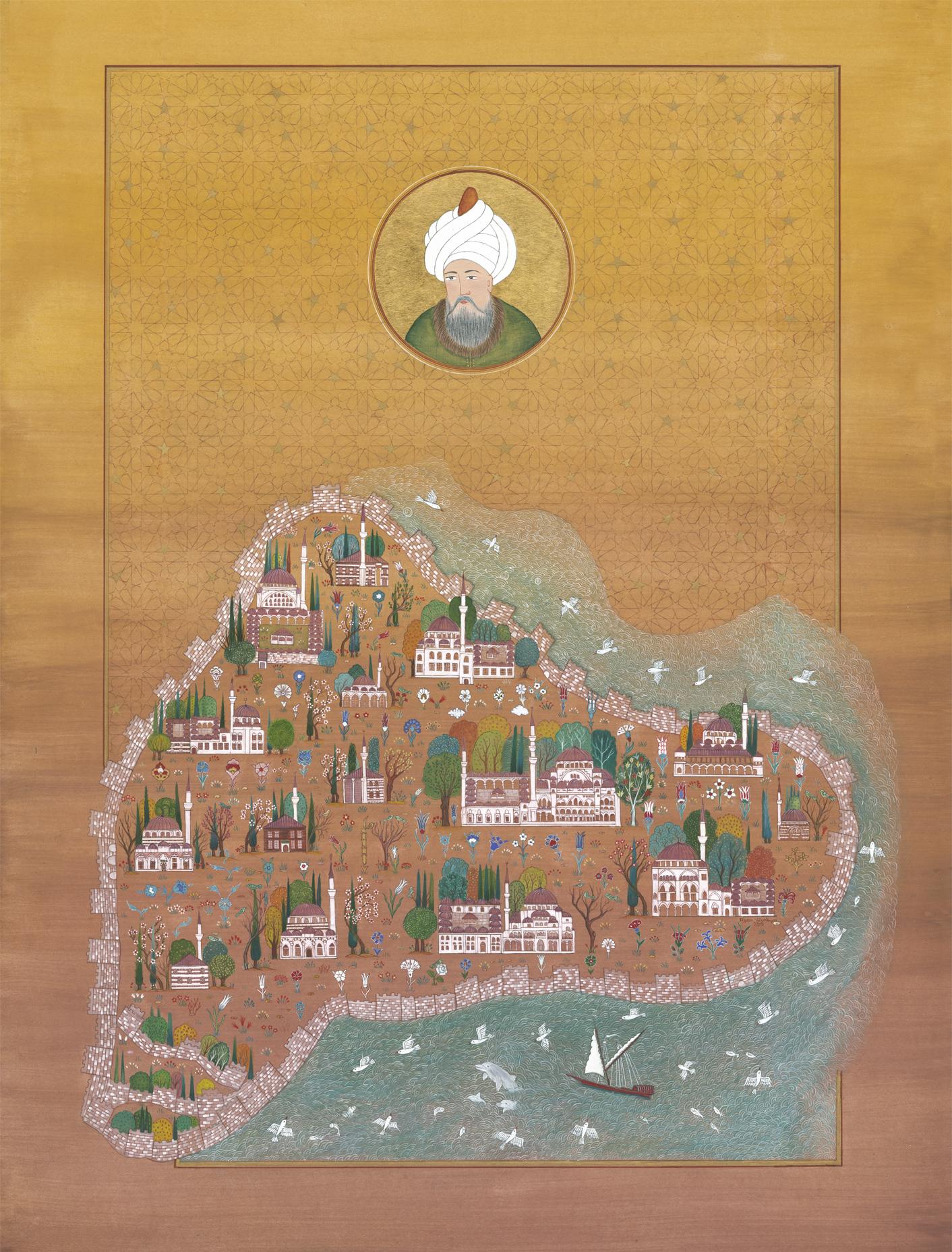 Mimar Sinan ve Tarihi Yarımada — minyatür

---

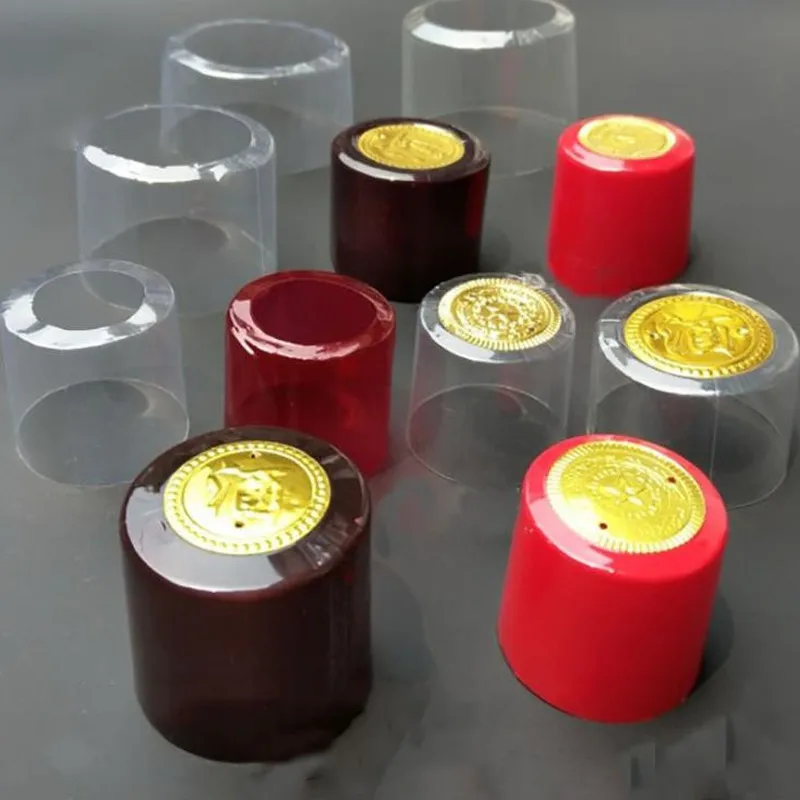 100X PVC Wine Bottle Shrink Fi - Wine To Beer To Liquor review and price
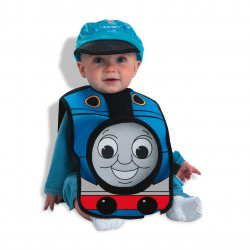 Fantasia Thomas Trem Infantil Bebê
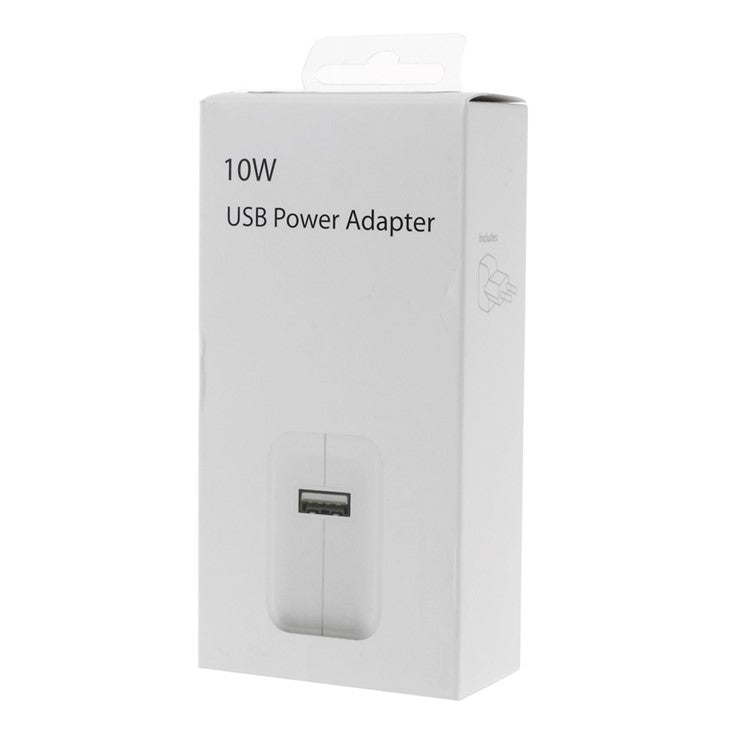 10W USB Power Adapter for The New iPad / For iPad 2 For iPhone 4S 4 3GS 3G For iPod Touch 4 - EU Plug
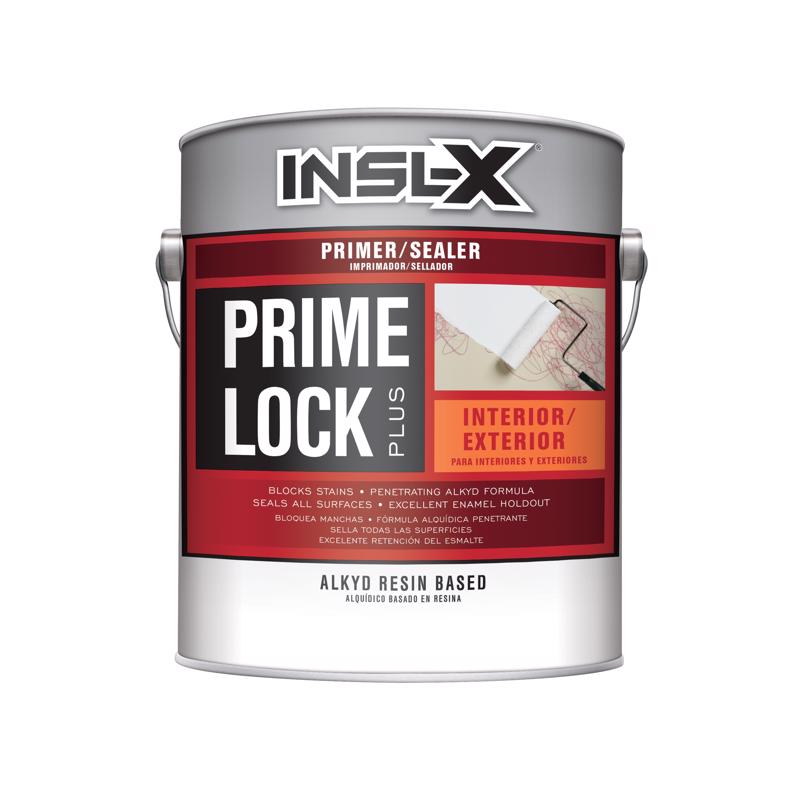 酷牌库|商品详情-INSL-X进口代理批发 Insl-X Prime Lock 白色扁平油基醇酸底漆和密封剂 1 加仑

PROBLEM => Above are some records. Reproduce the lines from the one with "100X PVC Wine" down to the one with "酷牌库|商品详情-INSL-X进口代理批发 Insl-X Prime", keeping both, and leave every picture out.

THE ANSWER =>
 100X PVC Wine Bottle Shrink Fi - Wine To Beer To Liquor review and price
 Fantasia Thomas Trem Infantil Bebê
 10W USB Power Adapter for The New iPad / For iPad 2 For iPhone 4S 4 3GS 3G For iPod Touch 4 - EU Plug
 酷牌库|商品详情-INSL-X进口代理批发 Insl-X Prime Lock 白色扁平油基醇酸底漆和密封剂 1 加仑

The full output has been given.